Ten years ago today: 'Going Clear' exposed Scientology's abuses for a new audience

Karen#1

Well-known member
TONY ORTEGA
Excerpt:
[Alex Gibney and Lawrence Wright at Sundance]

Ten years ago today at the Sundance Film Festival in Park City, Utah, Alex Gibney and Lawrence Wright premiered their blockbuster documentary, Going Clear: Scientology and the Prison of Belief.

Later showing on HBO, the brilliant 2015 documentary delved into the dark underbelly of the Church of Scientology which it has tried to hide from public view for decades. I was awed by the detail and depth of research, the contributors, and the director’s obvious responsibility in bringing these secrets into public view.
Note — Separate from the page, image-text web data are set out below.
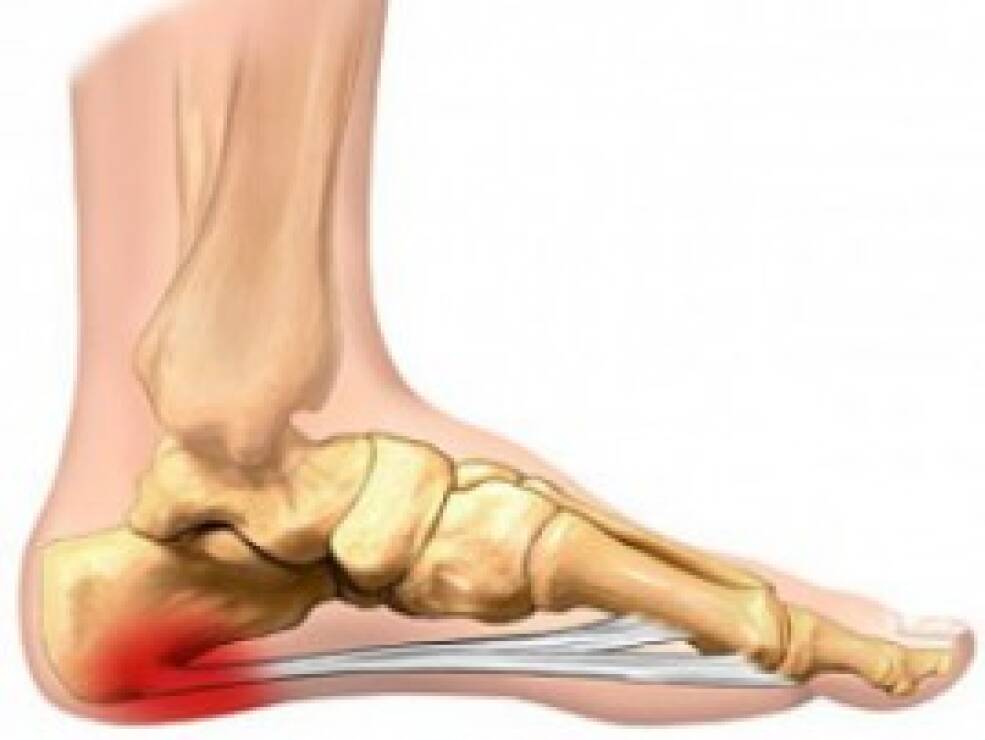 artritas iš dešinės kojos sąnarių
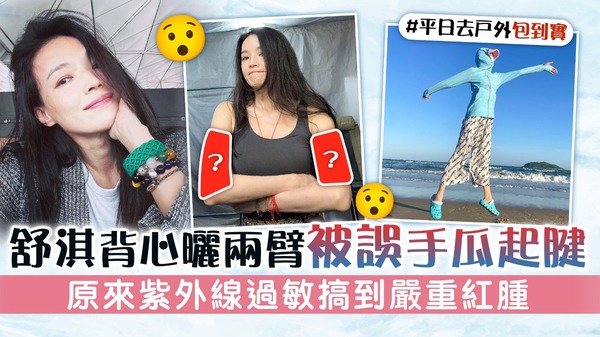 舒淇背心曬兩臂被誤手瓜起腱 原來紫外線過敏搞到嚴重紅腫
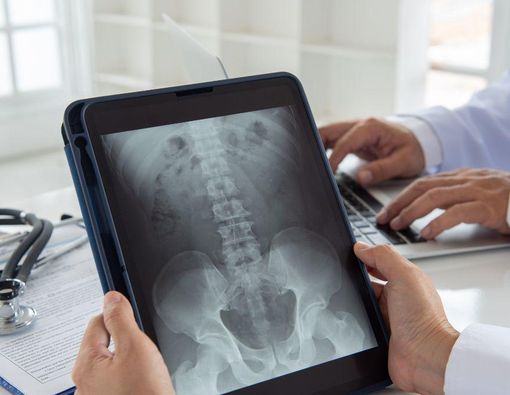 Caudal Regression Syndrome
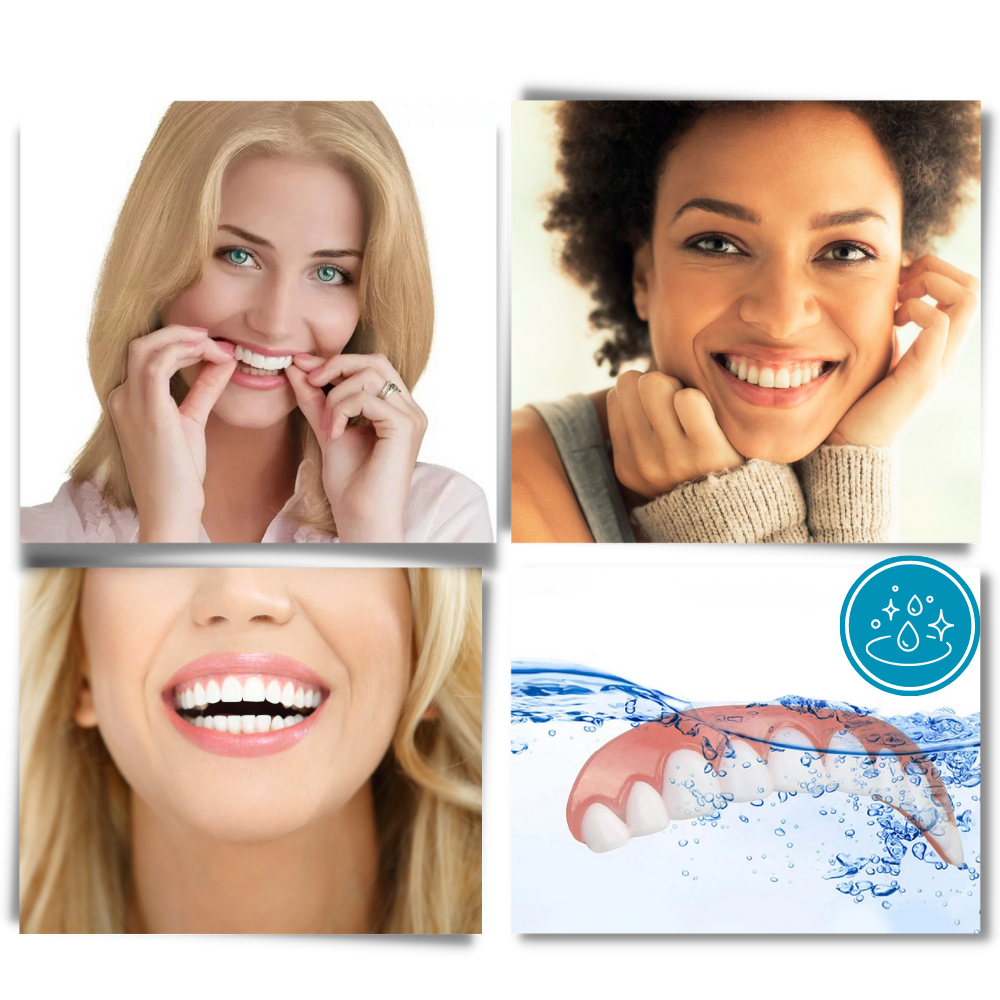 Carillas dentales Snap-On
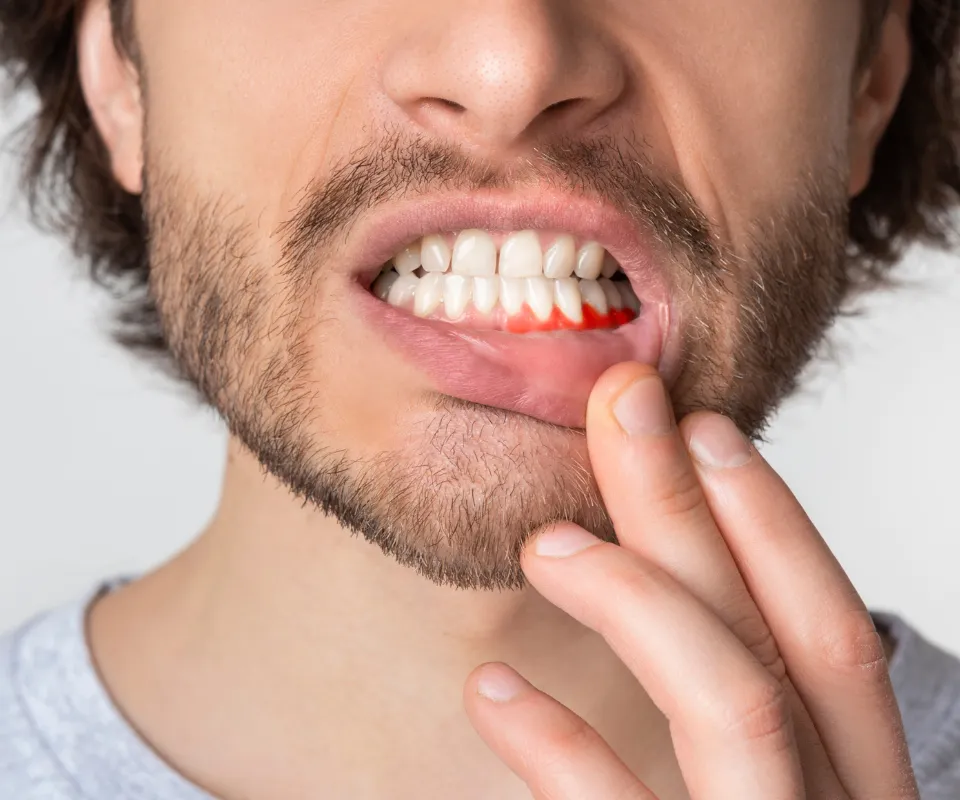 When-to-See-an-Emergency-Dentist-for-a-Tooth-Infection-Little-Rock-AR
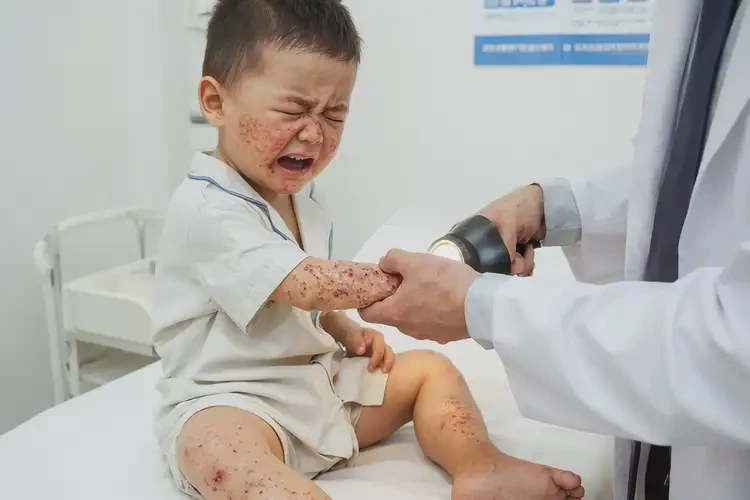 小孩全身長濕疹可以徹底自愈嗎(圖4)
Scientology’s wealth grew by members paying for costly training and auditing—Scientology’s words for counseling and therapy. After founder L. Ron Hubbard’s 1986 death, David Miscavige took over managing Scientology. With a declining membership, he turned the Church — which is not a Church — to attracting and recruiting the rich and famous worldwide and receiving massive donations. When Going Clear came out, the Underground Bunker had showed that Scientology’s top three corporations were worth more than $2 billion. Yet this Church, which is not a Church, continues to pay its worker members, who keep church buildings open and clean and cater to the millionaires, a fraction of the minimum wage.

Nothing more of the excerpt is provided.